# Profile signatures - Moderators and Site Operators



## Cam (Nov 9, 2009)

I have a question for all those who run the site, or help out. (You are doing a good job at what you are doing by the way) 

What are the limits to People's profile signatures?

I have seen some pretty long and annoying ones, that seem to really lengthen out a thread with huge bodies of text and pictures too.

I personally think about this much space (below) would be enough for a good parameter. Ideas?

.
.
.
.
.
.
.
.
.
.
.
.

I mean, we have some posters on here with like 500x300 pixel pictures, and a wall of information regarding tanks, pets, etc. Definitely don't remove sigs all together, they are awesome. I just think there should be a limit like other forums have. Thanks for your time!


----------



## snyderguy (Feb 9, 2010)

I kind of feel like this directed to me so I deleted my less important tanks..


----------



## FishMatt (May 12, 2010)

I feel this is pointed at me too... So I made mine smaller.


----------



## Revolution1221 (Apr 20, 2010)

haha also think its directed at me but i didn't change anything. and there is a limit on how much you can have. it doesn't really lengthen a thread at all its easy to scroll past it and is actually a nice marker for whose response you are reading. ive got so used to everyones pictures in signatures and such that i dont even have to check the name.


----------



## Cam (Nov 9, 2009)

Sheesh! I wasn't trying to flame anyone here! It wasn't pointed at anyone. lol. I just want to know if there is a limit, because on another forum that I belong to, you get a one week ban if your sig is too big and I want to know the limitations.


----------



## Cam (Nov 9, 2009)

And please *DON'T* delete tanks in your sig. Add them back please.


----------



## Revolution1221 (Apr 20, 2010)

lol thats dumb why would u get banned? why wouldnt they just put a limit on it. there is a certain character limit only thing that sucks is that includes the code to change ur font color or style. problem is it doesnt have limitations for picture size if u input the picture using img code. so when i originally uploaded mine i didt it as i was running out the door to work and didnt check the size so for a day i had a giant sig pic but now its about 1/5 the size.


----------



## Corwin (May 23, 2010)

yeah theres a character limit on sigs... which reminds me i have to update mine

FLAMER! FLAMER! lol jk


----------



## lohachata (Jan 27, 2006)

i often wonder what the importance is of listing every tank and every inhabitant of each tank..maybe it's the inner need to try to impress others..ok..so i got more than 3 fish..just not sure i want to eat up that much space on the page....lol
hmmmmmmm...just a thought ; but maybe i could name each of my fish and post it in my sig....then i could name each of my plants...then each one of my pieces of gravel..
then i could name each of the cool blades of grass in my yard...well..not them ; there are only 3;the rest are weeds..


----------



## Corwin (May 23, 2010)

poor weeds dont get any names


----------



## FishMatt (May 12, 2010)

lohachata said:


> i often wonder what the importance is of listing every tank and every inhabitant of each tank...

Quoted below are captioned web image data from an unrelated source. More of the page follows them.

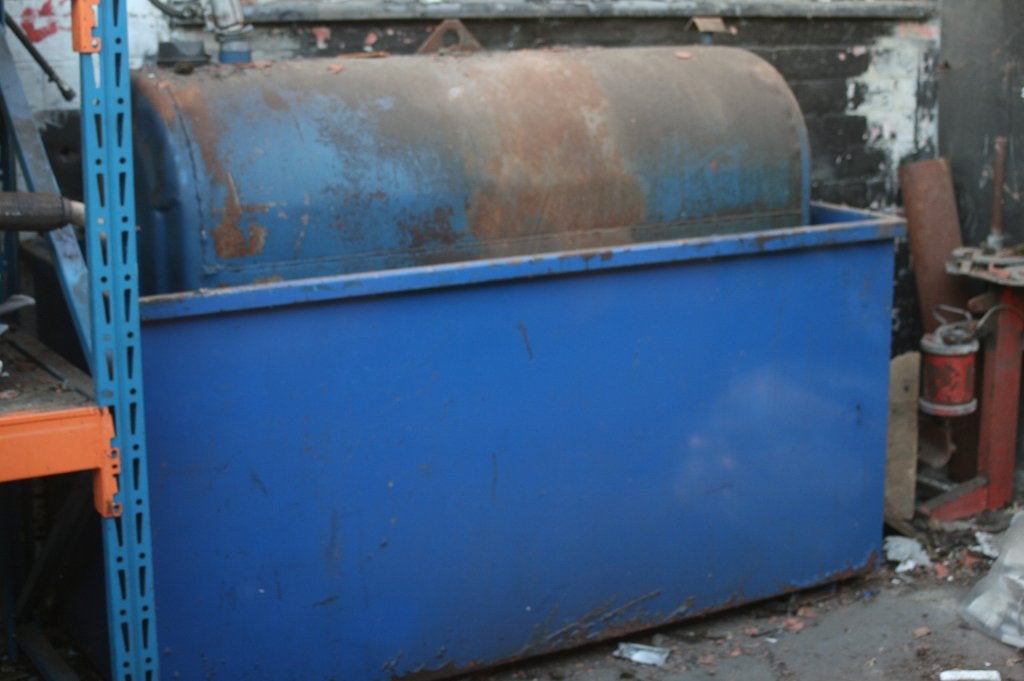 olietank 1200 liter + lekbak + pomp, Ophalen, Gebruikt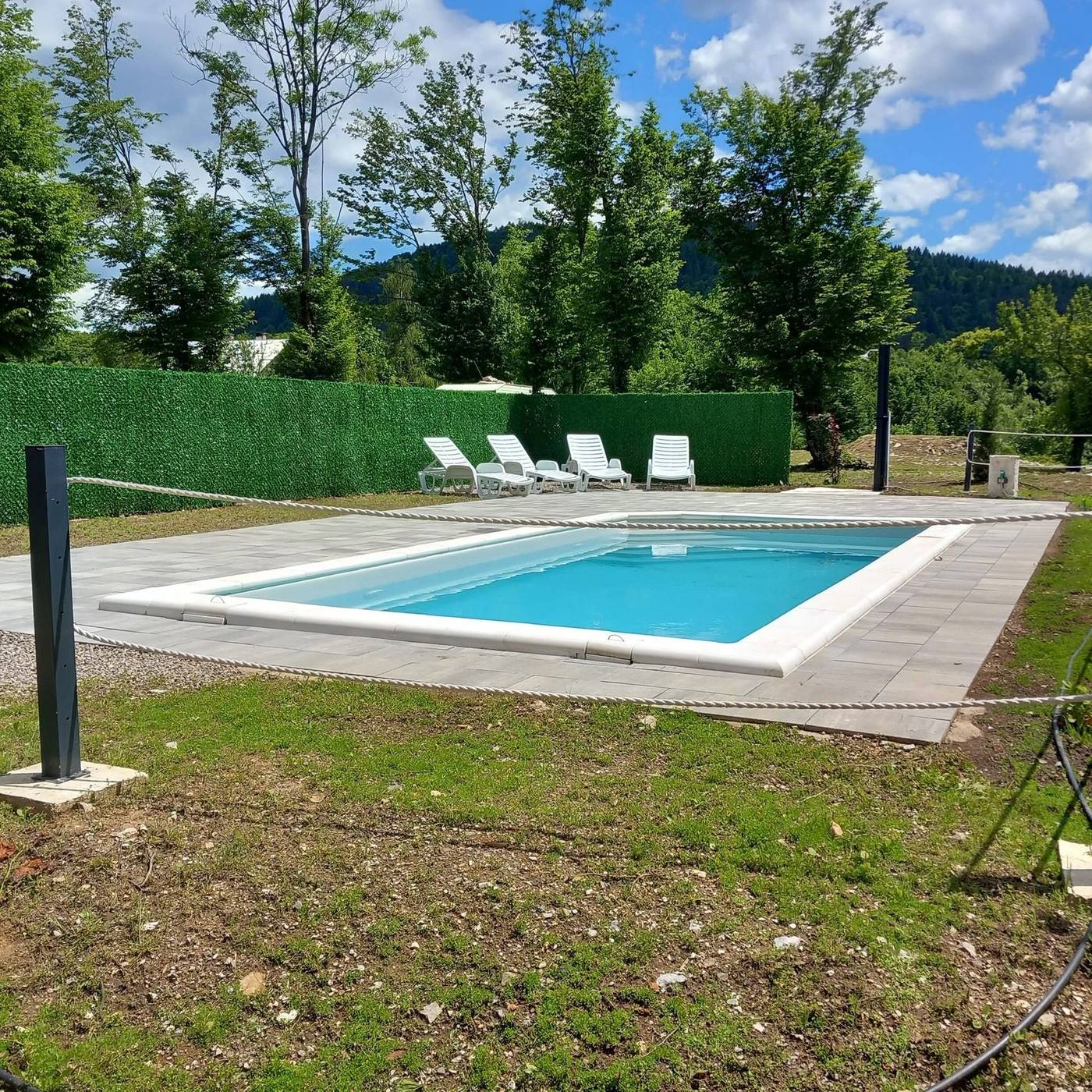 Bazen s ležaljkama na imanju Artemis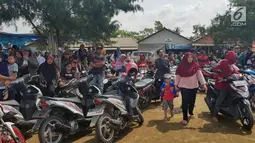 Warga berkerumun menantikan evakuasi pesawat Lion Air JT 610 di Pantai Pakis Jaya, Karawang, Jawa Barat, Senin (29/10). Lokasi jatuhnya pesawat Lion Air JT 610 tak jauh dari Pantai Pakis Jaya. (Liputan6.com/Herman Zakharia)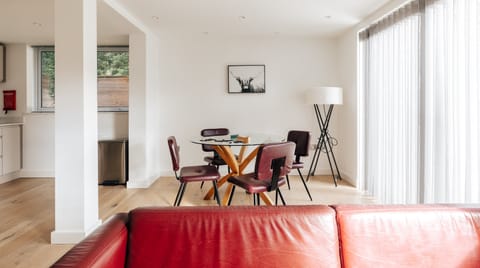 In Good Time Apartment in Bath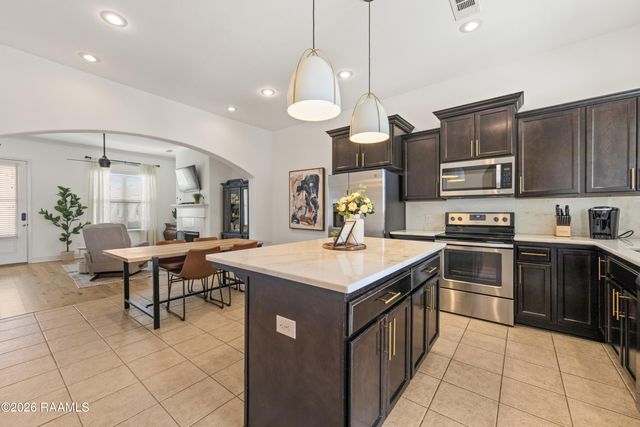 102 Pettigrove Drive, Youngsville, LA 70592
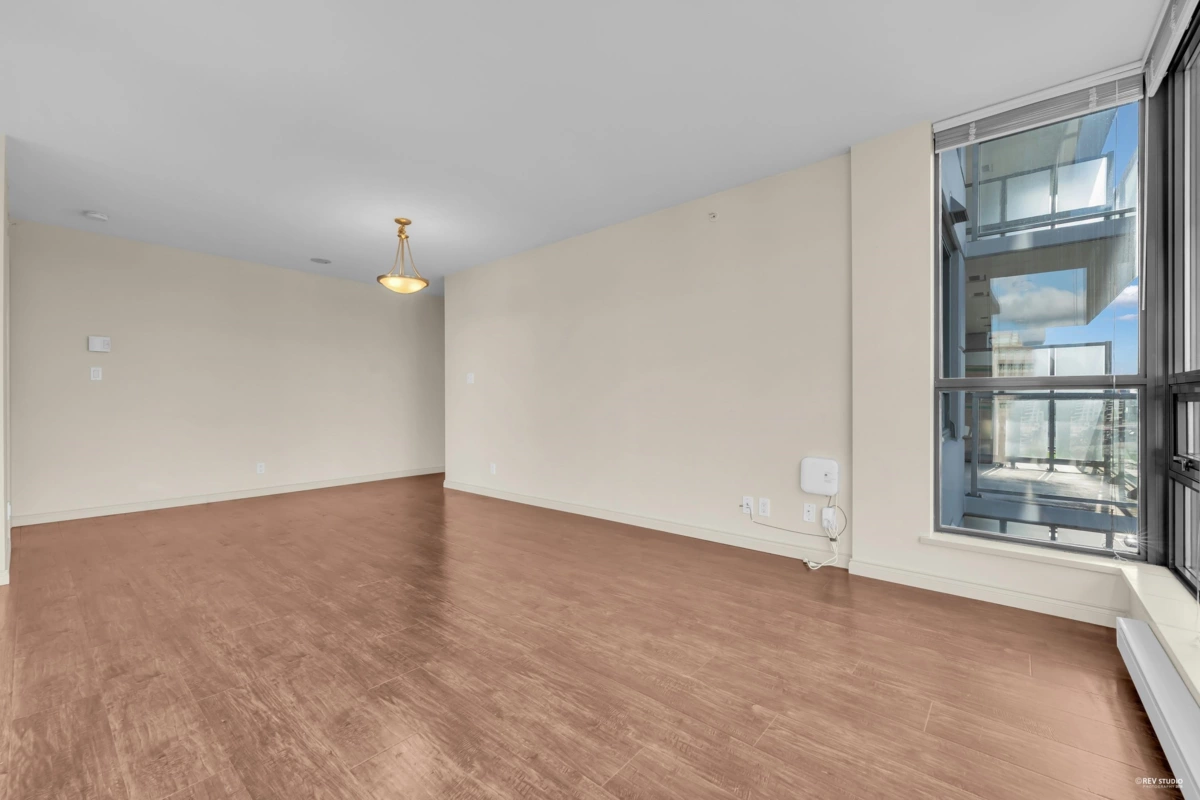 Kitchen Island Photo of 1201 6331 Buswell Street, Richmond, BC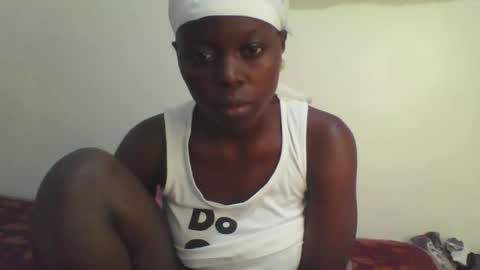 curved_nyash online show from October 17, 2025, 7:16 pm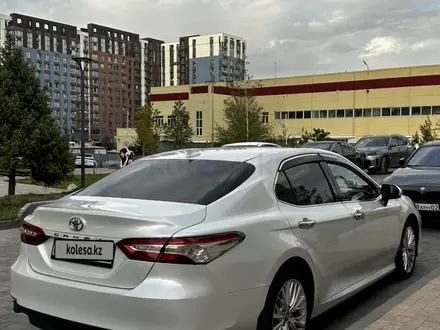 Toyota Camry 2018 года за 12 500 000 тг. в Алматы – фото 3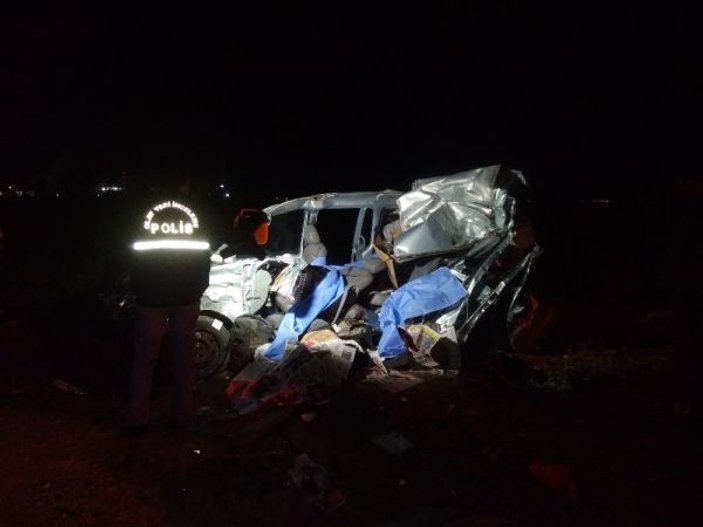 Konya'da otomobil tıra arkadan çarptı: 3 ölü, 2 yaralı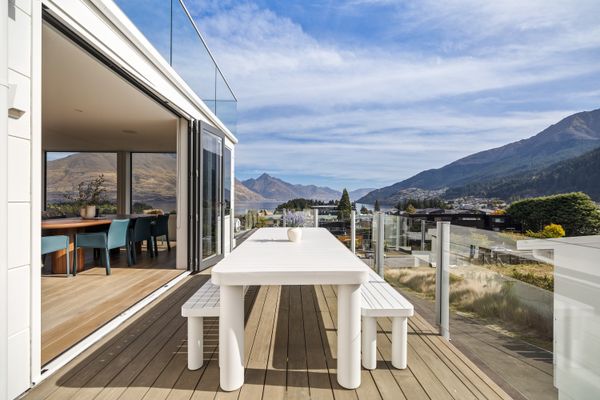 Queenstown Hill House – House Only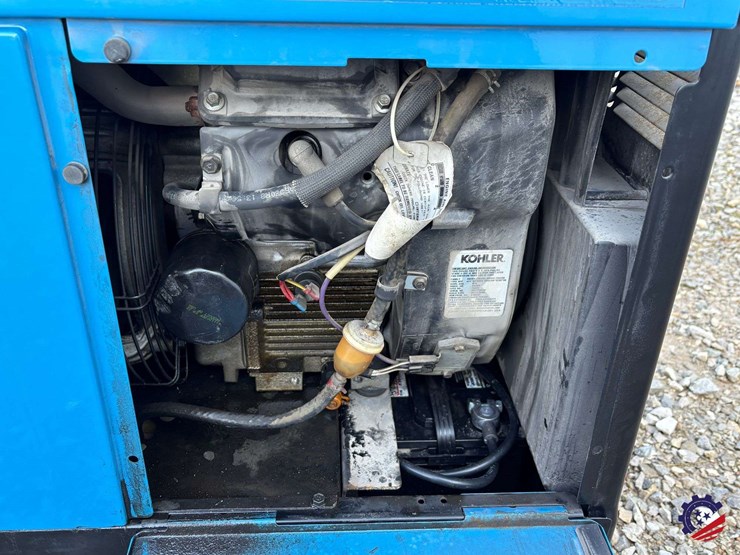 miller-bobcat-250-welder-/-generator-image-8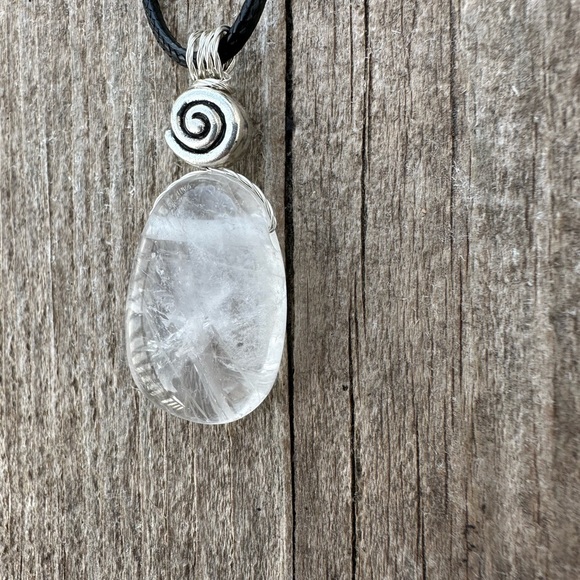 Clear Quartz Necklace for Awakening and Opening the Crown Chakra - Picture 4 of 9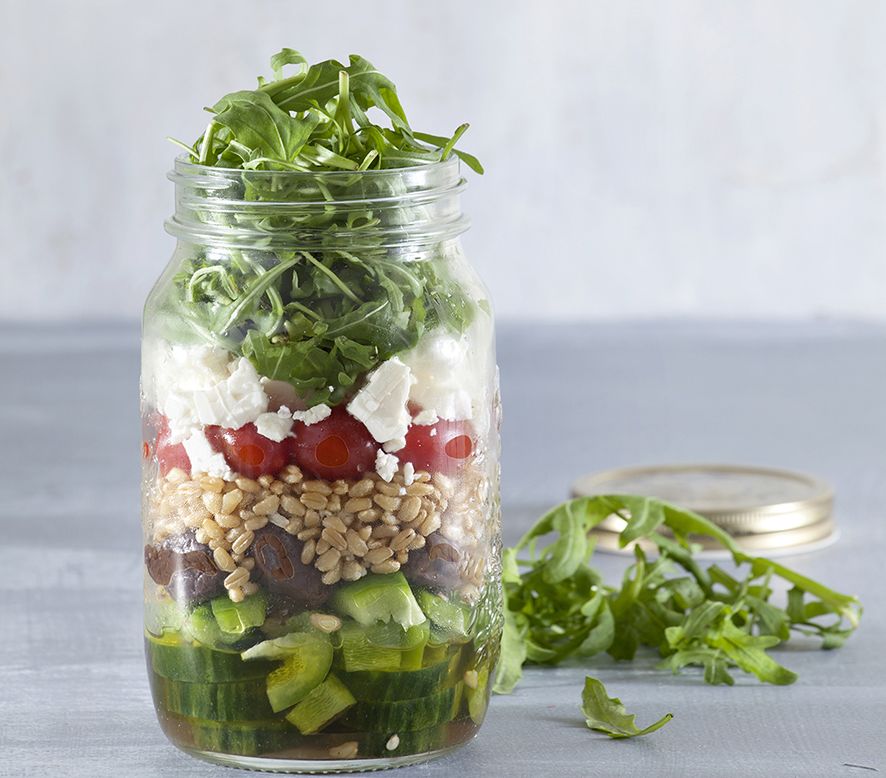 Ελληνική σαλάτα στο  βάζο!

Good point.... I'll maybe change mine to just my tank list and then a joke or a saying.... But that would look kinda odd...


----------



## Cam (Nov 9, 2009)

lohachata said:


> i often wonder what the importance is of listing every tank and every inhabitant of each tank..maybe it's the inner need to try to impress others..ok..so i got more than 3 fish..just not sure i want to eat up that much space on the page....lol
> hmmmmmmm...just a thought ; but maybe i could name each of my fish and post it in my sig....then i could name each of my plants...then each one of my pieces of gravel..
> then i could name each of the cool blades of grass in my yard...well..not them ; there are only 3;the rest are weeds..


Haha, yeah. See plenty of those. I can't say too much with my little shoebox tank.


----------